Il careghéta camminava lungo le strade dei paesi, di con­trada in contrada, storto e gobbo perché portava a spalle tut­to quanto gli era necessario per la sua attività, cioè costruire, impagliare e riparare sedie.

Le caréghe un tempo non erano di metallo e plastica come quelle di oggi, bensì erano di legno piuttosto grezzo con lo schienale un po’ curvo e col sedile in paglia intrecciata; un sedile solido e resistente ma che a poco a poco, con l’impiego continuo, si ammorbidiva adattandosi anatomicamente a colui che lo usava abitualmente.

Le sedie venivano sottoposte a dura prova anche dai bambini che se ne servivano per giocare al trenino, strisciandole sul pavimento.

 Esistevano inoltre i caregòti: su quelli piccoli e alti venivano collocati i bambini, su quelli larghi e con braccioli i vecchi.

Il careghéta, proveniente spesso dalle zone paludose dell’Adi­ge e del Po ma soprattutto dal bellunese o dal Friuli, girava di casa in casa specialmente d’inverno, mentre d’estate lavorava nei campi e nei boschi. Dove esisteva la piccola o piccolissima proprietà, il contadino cercava di essere il più possibile auto­sufficente e per questo all’occorrenza si trasformava in seggio­laio.
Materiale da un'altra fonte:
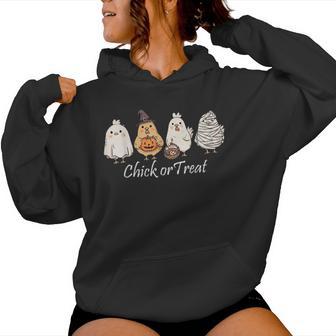 Chicken Chick Or Treat Halloween Costume Chicken Lover Women Hoodie - Monsterry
Ciò accadeva soprattutto in montagna e in collina.

Chi invece lo faceva per professione, quando giungeva in una contrada si limitava a gridare: “El ca… re… ghé… ta!”Altri annunciavano analiticamente i tipi di lavoro che sapevano ese­guire: “Gh’è qua el ca-re-ghé-taaa! Caréghe da impajàre, caréghe da impreolàre, caréghe da registrare, el careghéta l’è qua! “(«E ar­rivato il seggiolaio, sedie da impagliare, sedie senza pioli, sedie da mettere a posto, il seggiolaio è qui»).

Si apriva allora qualche porta o una finestra a pian terreno e si affacciava una donna. Seguiva un dialogo breve ed essen­ziale, dopodiché si porgeva al lavoratore una sedia o un seggiolone, che egli afferrava osservando con occhio esperto la parte su cui doveva intervenire: il sedile era sfilacciato, rotto, spesso addirittura mancante.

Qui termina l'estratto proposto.